Configure the instance to your needs. (__call__ and configure methods are the same). NOTE: It has default values and if you want to change only one use a setter instead, or provide all the configurations.

Parameters
  • batch_size (Optional[int], optional) – The batch size to be use. This value sets the Batch functionality, if batch_size is None then no auto-creation is done (callback and dynamic are ignored). If it is a positive number auto-creation is enabled and the value represents: 1) in case dynamic is False -> the number of data in the Batch (sum of objects and references) when to auto-create; 2) in case dynamic is True -> the initial value for both recommended_num_objects and recommended_num_references, by default None

  • creation_time (Real, optional) – The time interval it should take the Batch to be created, used ONLY for computing recommended_num_objects and recommended_num_references, by default 10

  • timeout_retries (int, optional) – Number of times to retry to create a Batch that failed with TimeOut error, by default 0

  • callback (Optional[Callable[[dict], None]], optional) – A callback function on the results of each (objects and references) batch types. By default weaviate.util.check_batch_result

  • dynamic (bool, optional) – Whether to use dynamic batching or not, by default False

Returns

Updated self.

Return type

Batch

Raises
  • TypeError – If one of the arguments is of a wrong type.

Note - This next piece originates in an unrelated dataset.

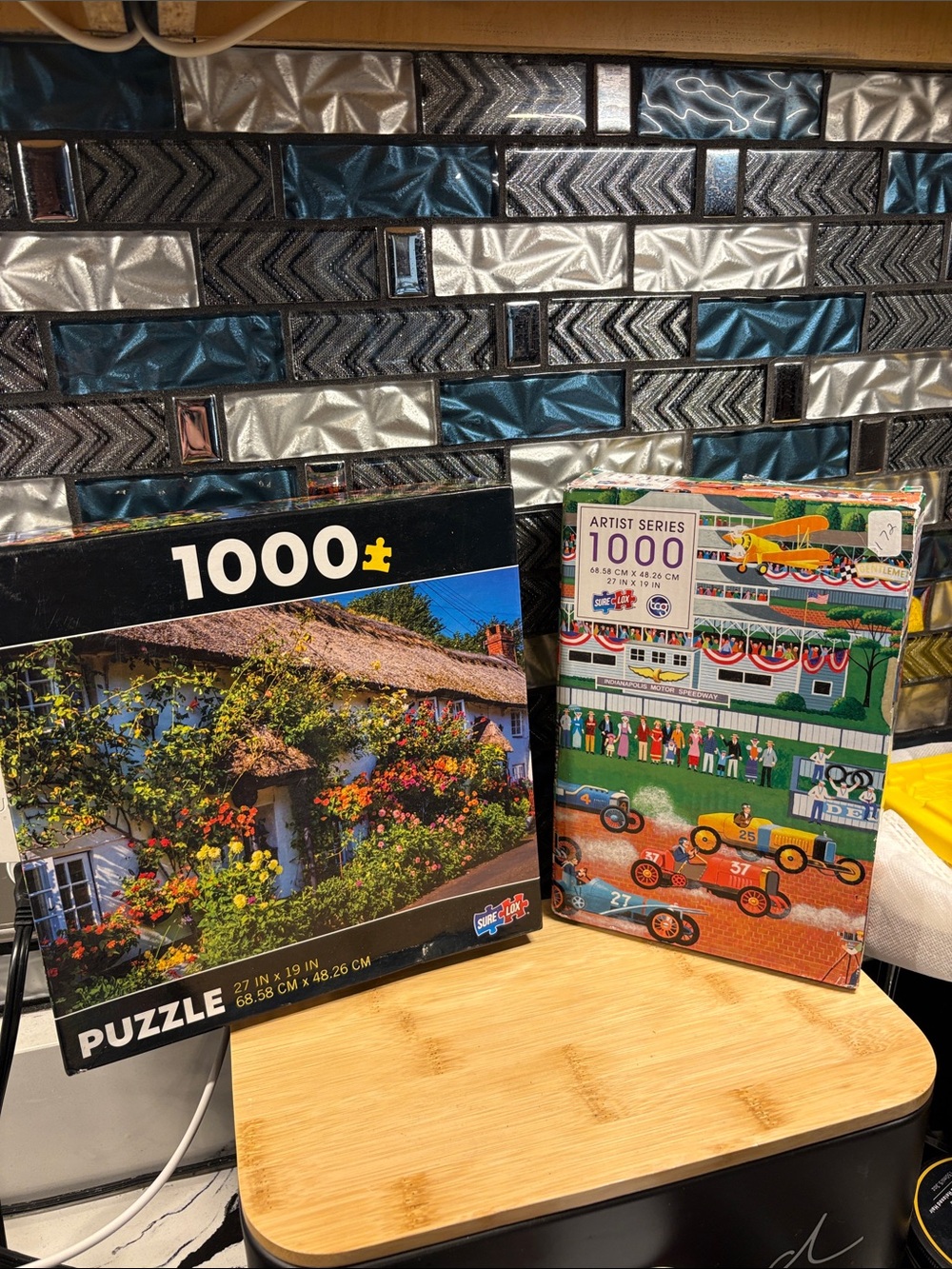 Scenic Cottage 1000-Piece Jigsaw Puzzle - Blue, Green, Yellow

  • ValueError – If the value of one of the arguments is wrong.

add_data_object(data_object: dict, class_name: str, uuid: Optional[str] = None, vector: Optional[Sequence] = None) None

Add one object to this batch. NOTE: If the UUID of one of the objects already exists then the existing object will be replaced by the new object.

Parameters
  • data_object (dict) – Object to be added as a dict datatype.

  • class_name (str) – The name of the class this object belongs to.

  • uuid (str, optional) – UUID of the object as a string, by default None

  • vector (Sequence, optional) – The embedding of the object that should be created. Used only class objects that do not have a vectorization module. Supported types are list, ‘numpy.ndarray`, torch.Tensor and tf.Tensor, by default None.

Raises
  • TypeError – If an argument passed is not of an appropriate type.

  • ValueError – If ‘uuid’ is not of a proper form.

add_reference(from_object_uuid: str, from_object_class_name: str, from_property_name: str, to_object_uuid: str, to_object_class_name: Optional[str] = None) None

Add one reference to this batch.

Parameters
  • from_object_uuid (str) – The UUID or URL of the object that should reference another object.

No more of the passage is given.